Voll wurde das Gelände am ersten Nachmittag zwar noch nicht, das war beim U+D-Auftakt aber auch vor Corona nicht der Fall. Als "Stop Inside" um kurz nach 15 Uhr auf die Bühne kam, saßen immerhin rund 300 gut gelaunte Menschen auf Bierbänken und Decken oder standen vor der Bühne.
Zu den ersten Besucherinnen gehörten Caro aus Würzburg und ihre Freundin Hannah aus Fürth – sie hatten es sich schon kurz nach dem Einlass um 14 Uhr unter einem Baum auf einer Decke gemütlich gemacht und das erste kühle Getränk geöffnet. "Wir wollten alles mitnehmen und die Sonne genießen. Deswegen sind wir so früh hier", sagte Caro. Die beiden Frauen wären auch zu den ursprünglich geplanten Sitzplatzkonzerten gekommen, "aber so ist es einfach eine komplett andere Stimmung. Ein Konzert mit Stühlen passt beim U+D einfach nicht."
Auf dem weitläufigen Gelände war es auch ohne fest zugeteilte Plätze kein Problem, Abstand zu halten. "Man kann selbst darauf achten, wie man das für sich regelt. Ich vertraue auch den anderen Leuten", betonte Hannah: "Es tut gut, draußen zu sein, Musik zu hören und ein bisschen Normalität zu haben."
Die gute Laune des Publikums sprang auch auf die Verantwortlichen über: "Es stehen Menschen vor der Bühne und tanzen, und das alles auch noch corona-konform. Wenn wir an allen vier Tagen so schönes Wetter haben, dann wird das verdammt cool", freute sich U+D-Chef Ralf Duggen.
An zwei Tagen schon so gut wie ausgebucht: bis zu 2000 Menschen werden dann kommen
Auch Festival-Sprecher Tilman Hampl hatte ein breites Lächeln im Gesicht.

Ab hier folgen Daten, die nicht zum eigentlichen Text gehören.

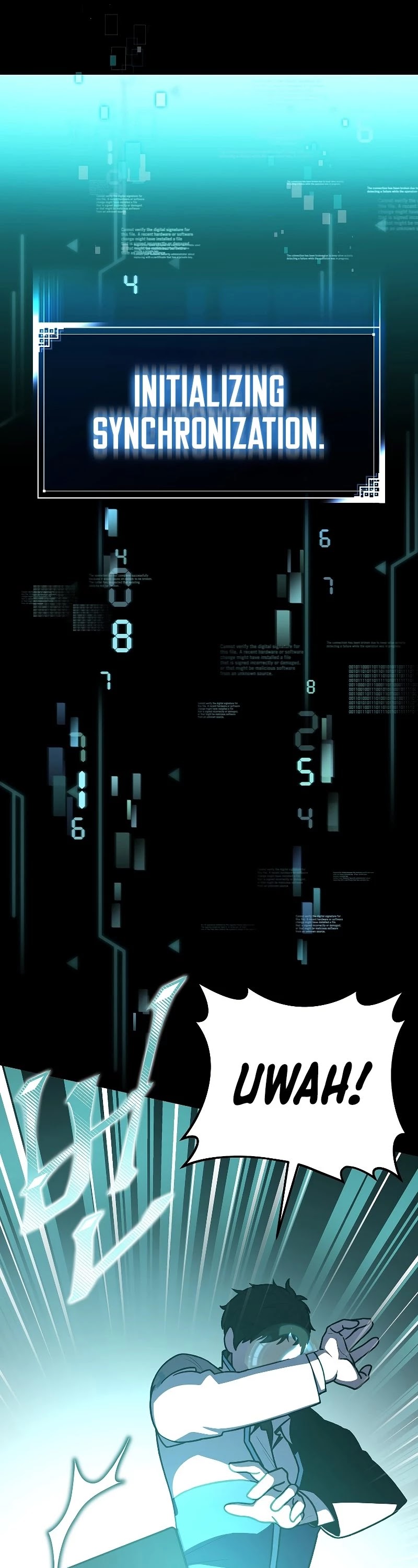 The Novel’s Extra Chapter 2 page 38 - Chapter 2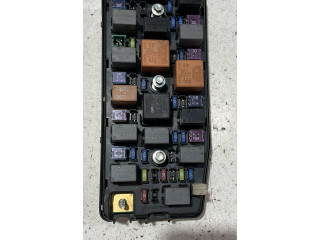 Блок предохранителей    Chevrolet Captiva    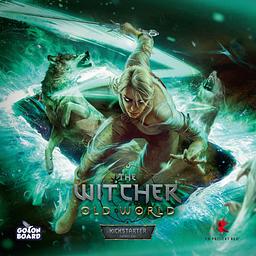 The Witcher: Old World – Expansões do Kickstarter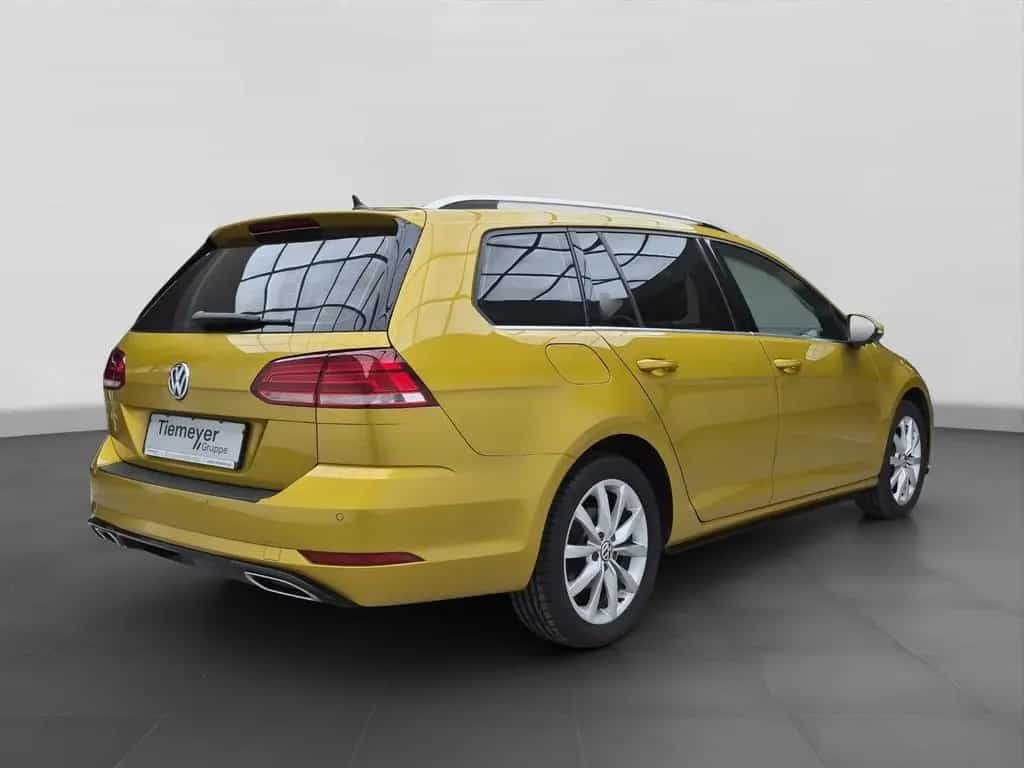 Volkswagen Golf Variant 1.4 TSI DSG R-LINE NAVI LED ACC PDC 04/2018-photo-2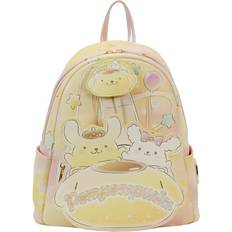 Bags Loungefly Sanrio Pompompurin Carnival Double Strap Shoulder Bag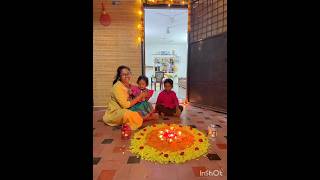 Deepavali panduga sambaralu @2022 #shorts#ytshorts#khathwikAaira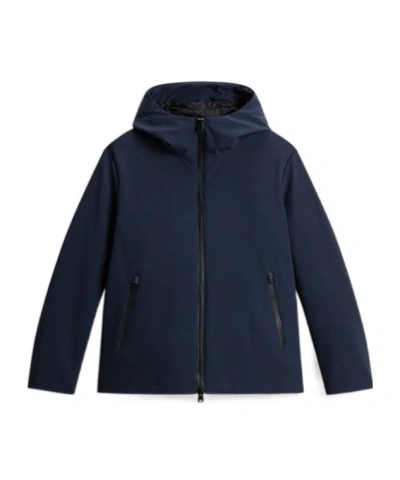 WOOLRICH PACIFIC SOFT SHELL JACKET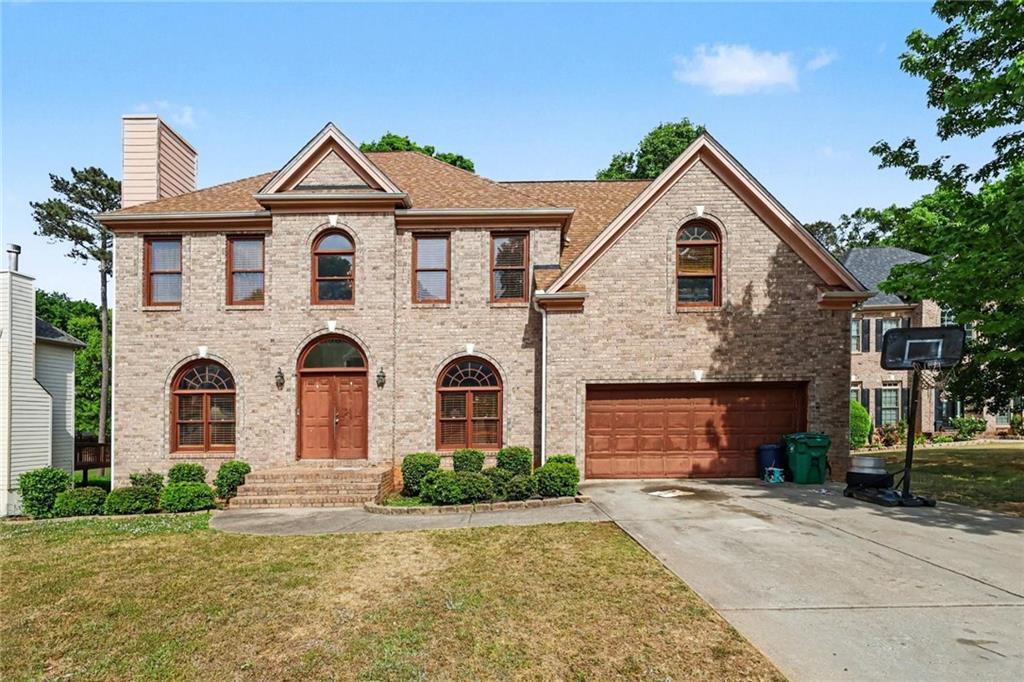 3325 Holly Hill Pkwy., Ellenwood, GA 30294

Er ist gespannt, wie sich das Festivalgelände an den bereits so gut wie komplett ausgebuchten kommenden beiden Tagen mit bis zu 2000 Menschen präsentieren wird: "Natürlich fühlen wir uns auch ein bisschen wie ein Versuchsfestival mit der neuen Regelung." Am Sonntagabend werden die Veranstalter wissen, ob es ein gelungener Test geworden ist.